Records excerpted from a collection ->
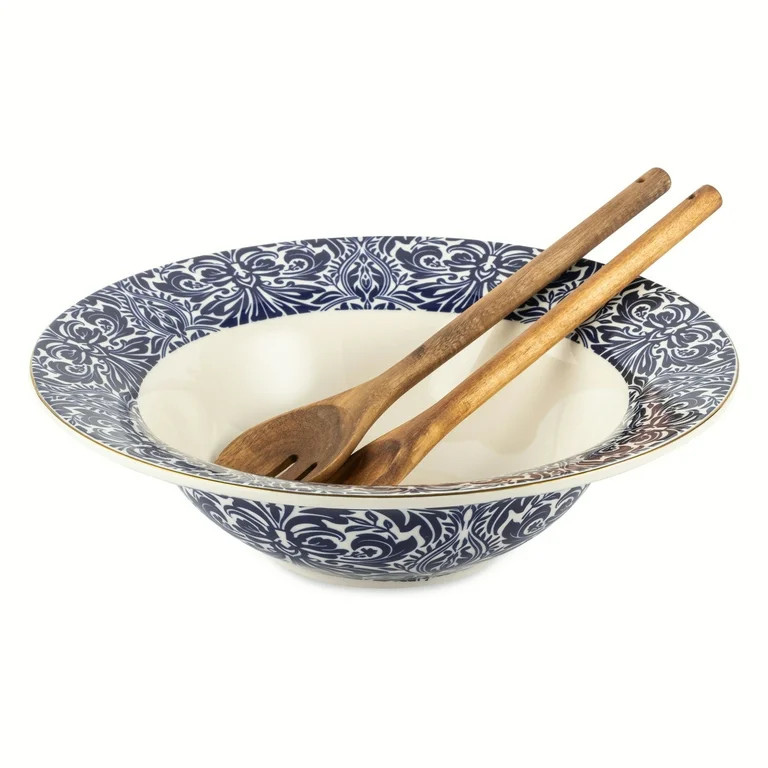 Thyme & Table Nova Ceramic 3-Piece Serve Bowl Navy and White with Wood Serve Utensils | Walmart (US)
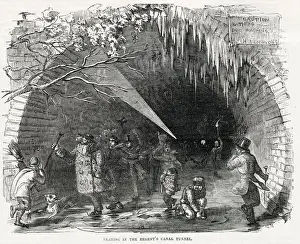 During the cold winter of February 1855, people were skating underground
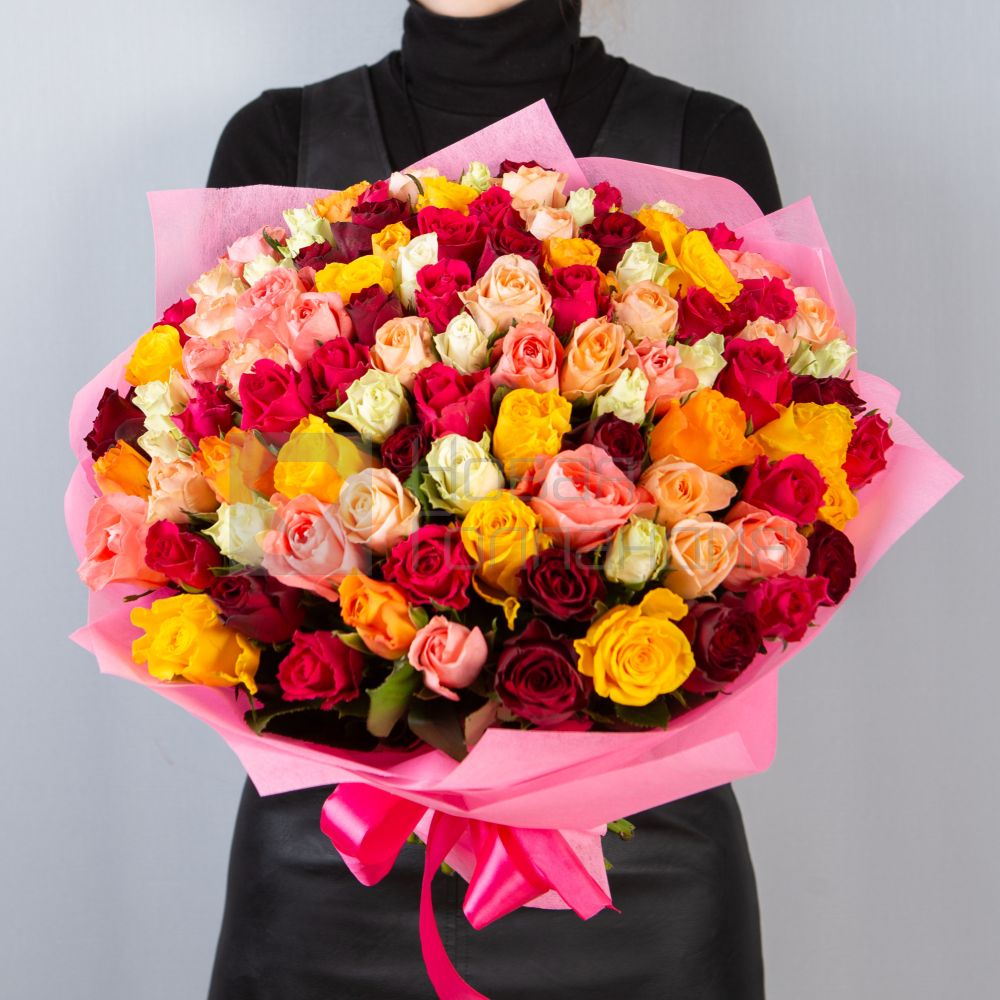 Букет 101 роза ассорти 40 см Кения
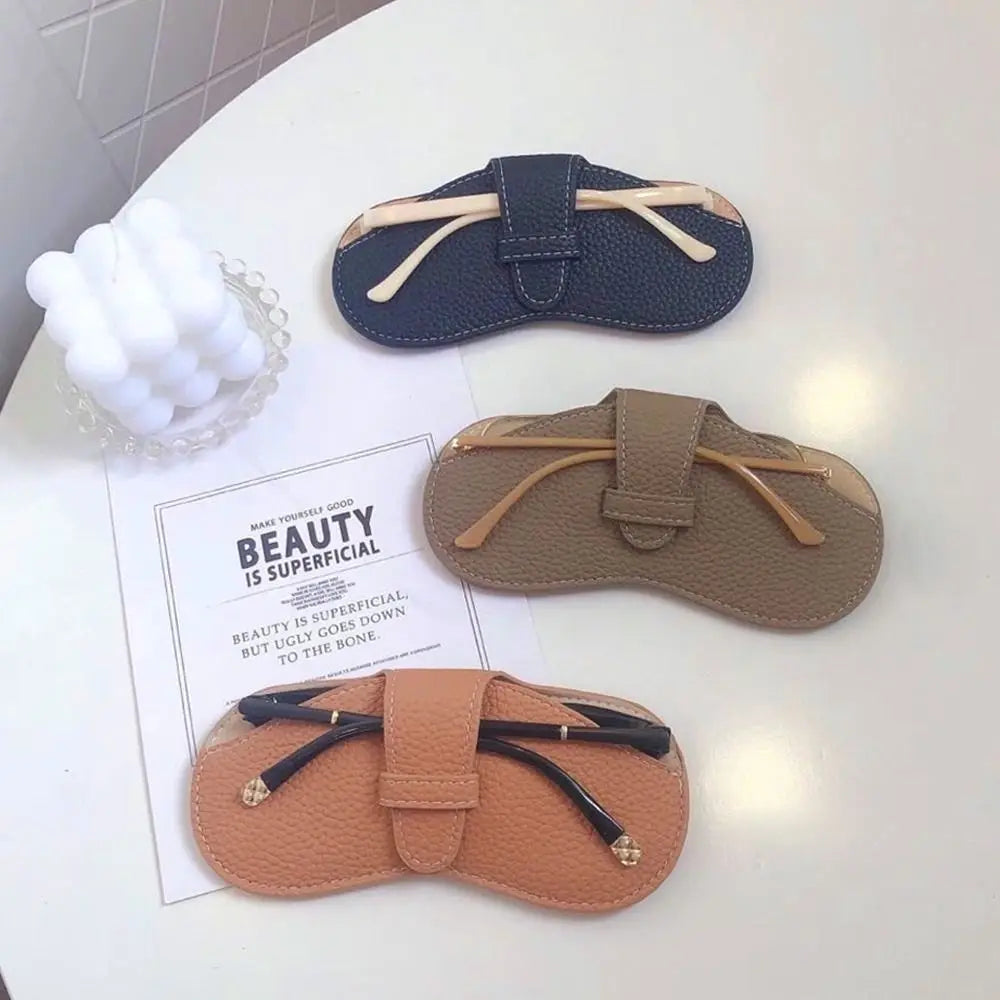 2023 Fashion Simple Portable Glasses Bag PU Leather Sunglasses Box Storage Bag Anti Pressure Eyeglasses Protective Cover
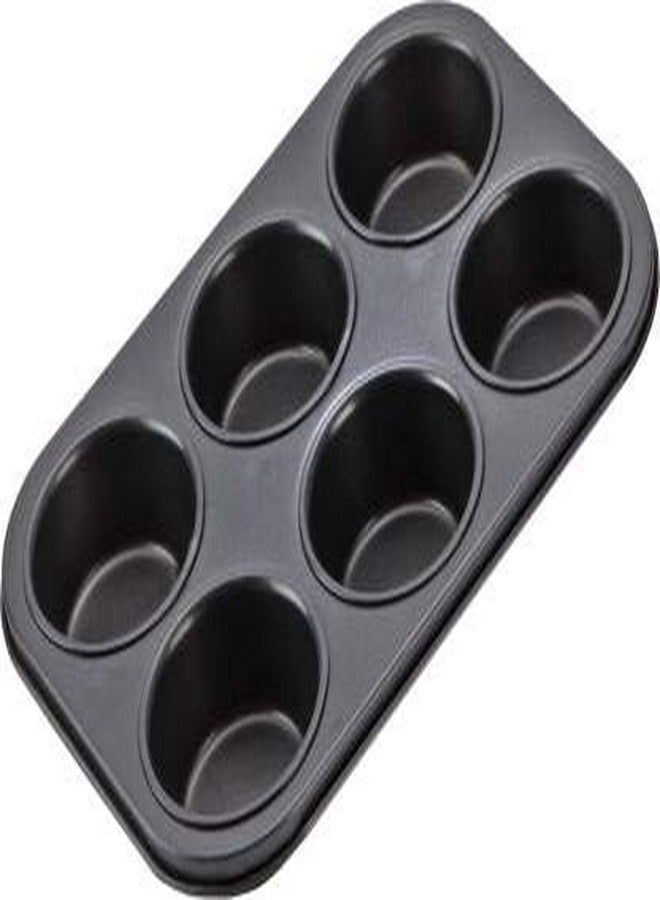 Morel 6 Slot Round Shape Aluminum Muffin Cupcake Mould Case Bakeware Pan Tray Mould Maker Mold Tray - Image 1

ACTIVITY -> Retype the data above exactly. Leave the pictures out.

THE COMPLETED TASK ->
 Thyme & Table Nova Ceramic 3-Piece Serve Bowl Navy and White with Wood Serve Utensils | Walmart (US)
 During the cold winter of February 1855, people were skating underground
 Букет 101 роза ассорти 40 см Кения
 2023 Fashion Simple Portable Glasses Bag PU Leather Sunglasses Box Storage Bag Anti Pressure Eyeglasses Protective Cover
 Morel 6 Slot Round Shape Aluminum Muffin Cupcake Mould Case Bakeware Pan Tray Mould Maker Mold Tray - Image 1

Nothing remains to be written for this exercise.